Thermalization, Isotropization and Elliptic Flow from Nonequilibrium Initial Conditions with a Saturation Scale

Abstract

In this article we report on our results about the computation of the elliptic flow of the quark-gluon-plasma produced in relativistic heavy ion collisions, simulating the expansion of the fireball by solving the relativistic Boltzmann equation for the parton distribution function tuned at a fixed shear viscosity to entropy density ratio η/s. Our main goal is to put emphasis on the role of a saturation scale in the initial gluon spectrum, which makes the initial distribution far from a thermalized one. We find that the presence of the saturation scale reduces the efficiency in building-up the elliptic flow, even if the thermalization process is quite fast τtherm ≈ 0.8 \, fm/c and the pressure isotropization even faster τisotr ≈ 0.3 \, fm/c.

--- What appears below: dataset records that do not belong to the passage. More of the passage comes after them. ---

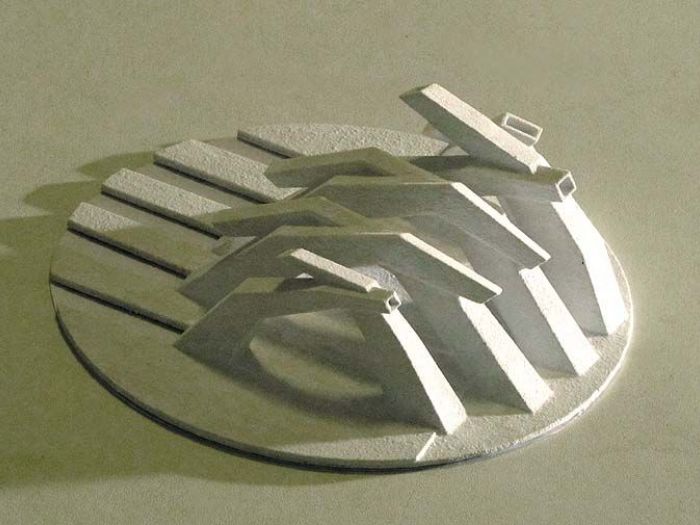 Archisio - Ruggero Lenci - Progetto Concorso per la fontana dei popoli nel comune di fonte nuova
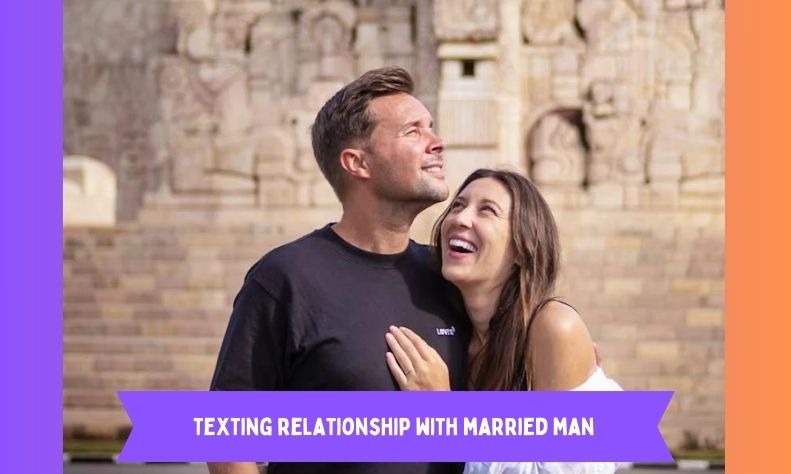 Texting relationships with married men often start innocently but can quickly become complex.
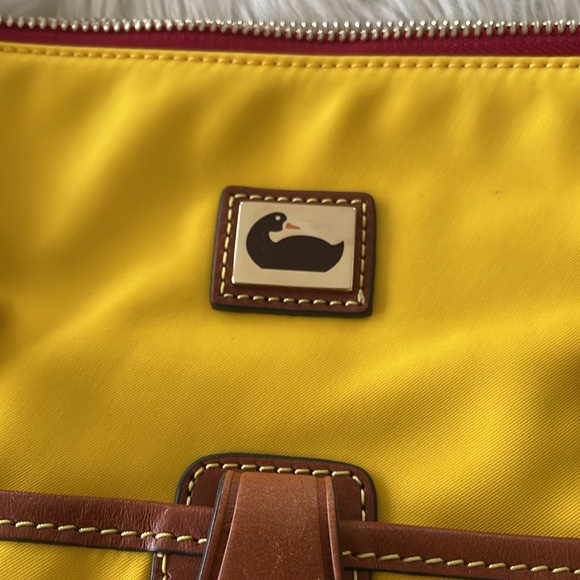 Dooney & Bourke Nylon Tote Bag - Picture 4 of 12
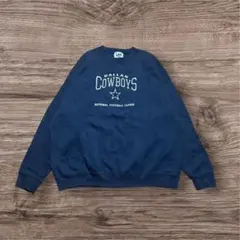 90s アメリカ製Lee NFL ダラス・カウボーイズ　ヴィンテージスウェット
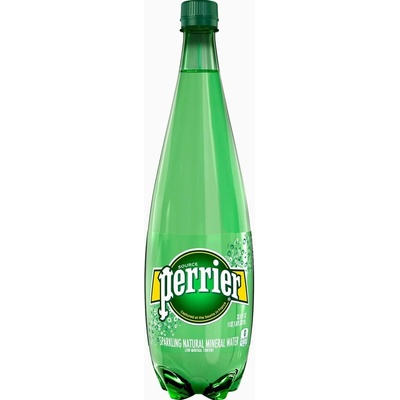 Perrier Натурална минерална вода Perrier PET 1л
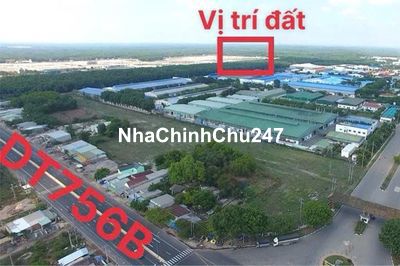 BÁN 2,2 SÀO ĐẤT MẶT TIỀN XÂY KHO XƯỞNG TRỌ NHÀ VƯỜN KHU CÔNG NGHIỆP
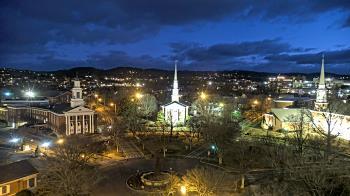 Weather camera view of Kingsport City Hall.
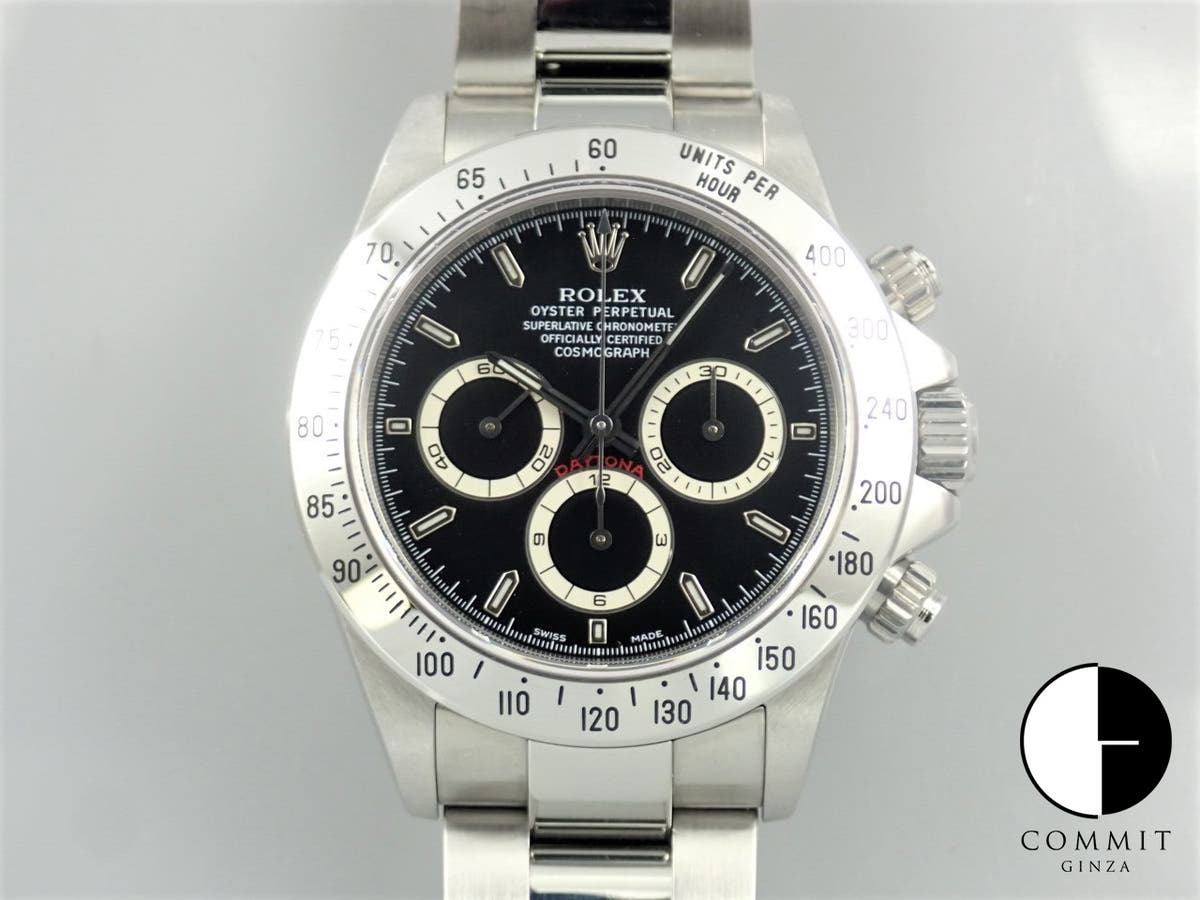 Rolex Daytona El Primero Black Dial A Series <Warranty, Box, etc.>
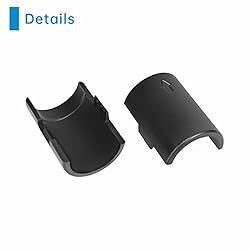Jamiikury 52 Pack Wire Shelf Clips, Black Shelf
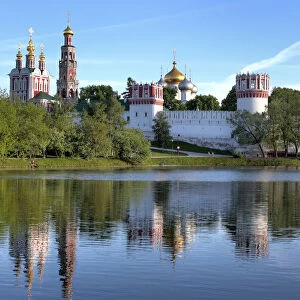 Heritage Sites Metal Print Collection: Ensemble of the Novodevichy Convent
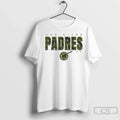 San Diego Padres Camo Mlb Postseason 2025 - Adult & Kids T-Shirts, Sweatshirts & Hoodies apparel design preview 1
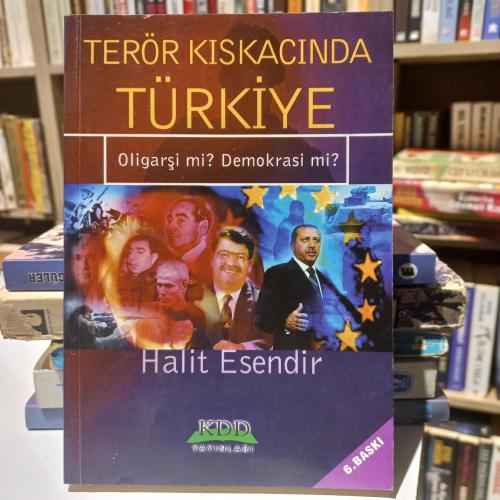 TERÖR KISKACINDA TÜRKİYE / OLİGARŞİ Mİ? DEMOKRASİ Mİ?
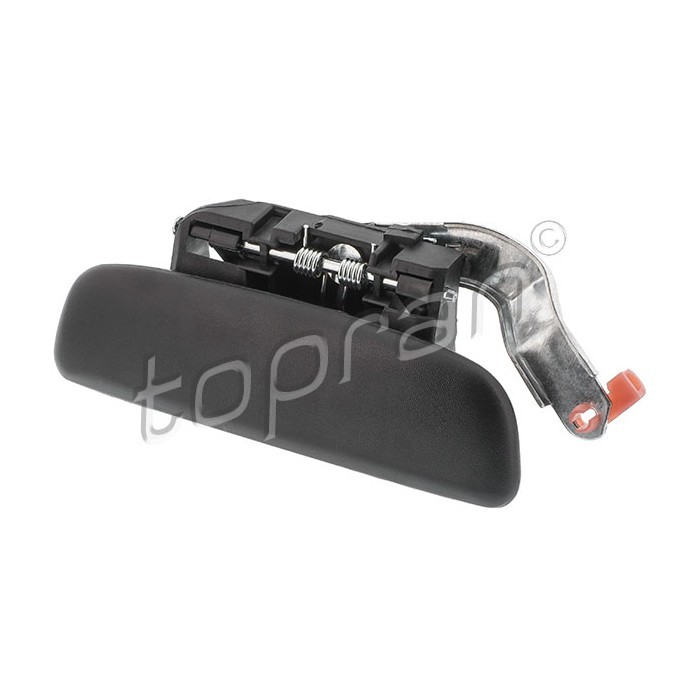 Poignée de porte extérieure gauche 9101J0 auto compatible Peugeot 106 et Saxo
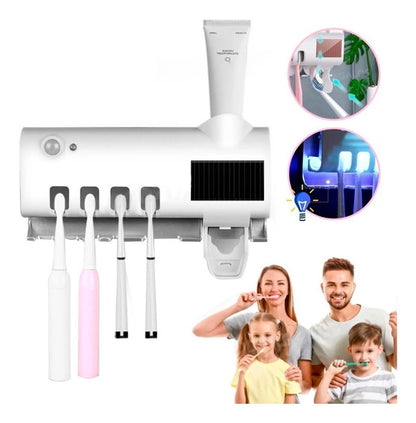 🦷 Porte-brosse à dents UV Automatique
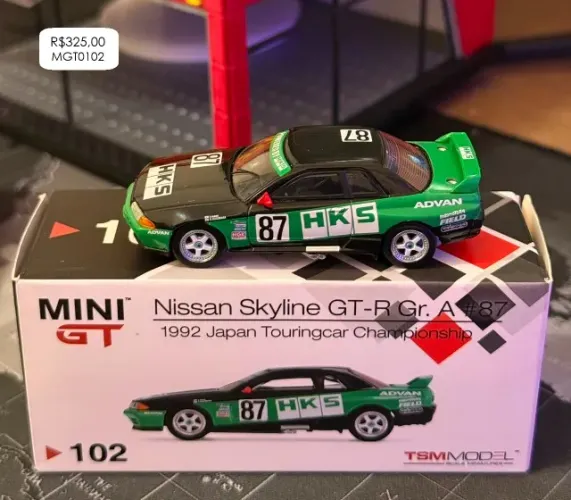 MiniGt - N.102 - Nissa Skyline Gt-r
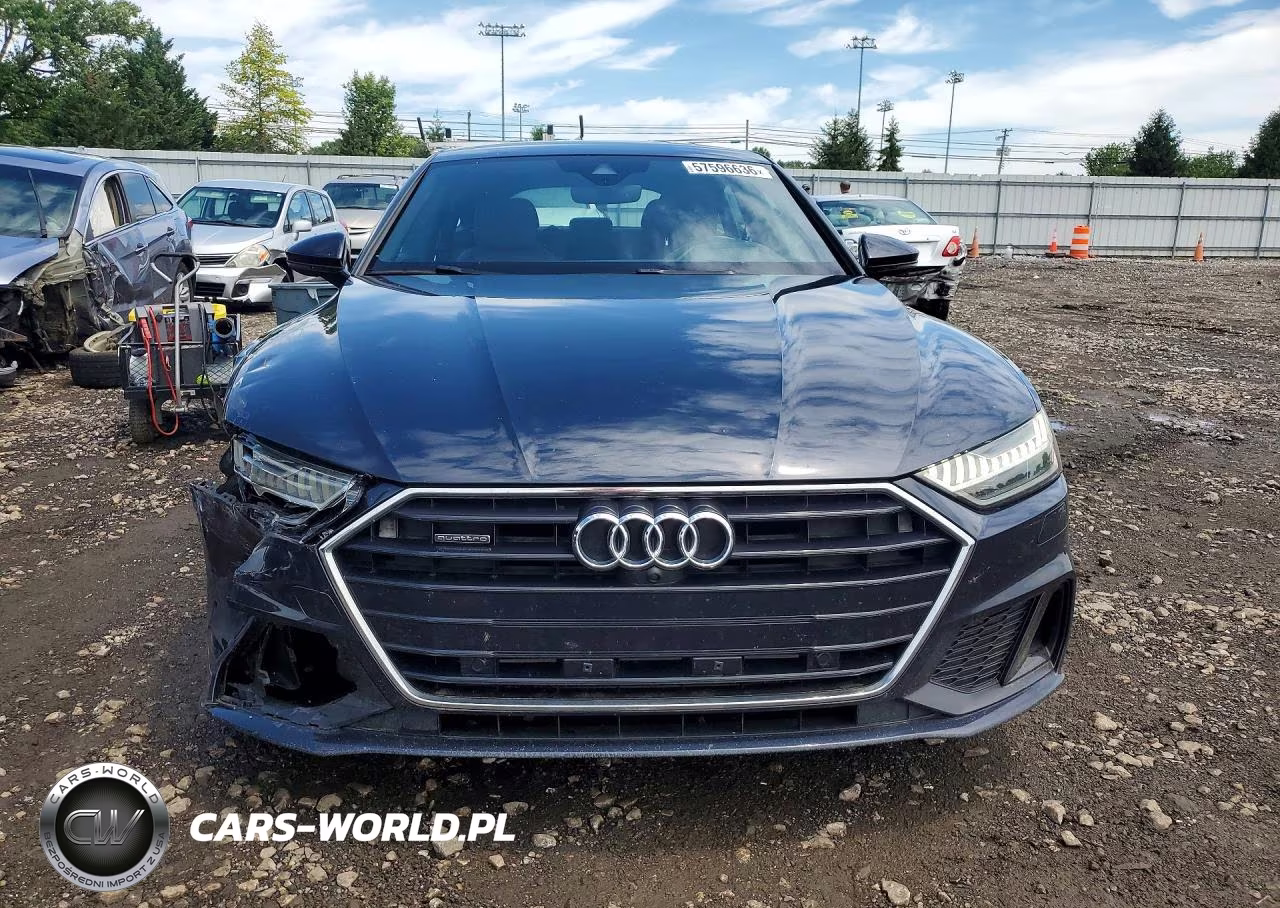 2019 Audi A7 Prestige S-Line VIN:WAUV2AF21KN092091 - 5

The impact of the non-equilibrium implied by the saturation scale manifests for non-central collisions and can modify the estimate of the viscosity respect to the assumption of full thermalization in pT-space. We find that the estimate of η/s is modified from η/s ≈ 2/4π to η/s ≈ 1/4π at RHIC and from η/s ≈ 3/4π to η/s ≈ 2/4π at LHC. We complete our investigation by a study of the thermalization and isotropization times of the fireball for different initial conditions and values of η/s showing how the latter affects both isotropization and thermalization. Lastly, we have seen that the range of values explored by the phase-space distribution function f is such that at pT<0.5\, GeV the inner part of the fireball stays with occupation number significantly larger than unity despite the fast longitudinal expansion, which might suggest the possibility of the formation of a transient Bose-Einstein Condensate.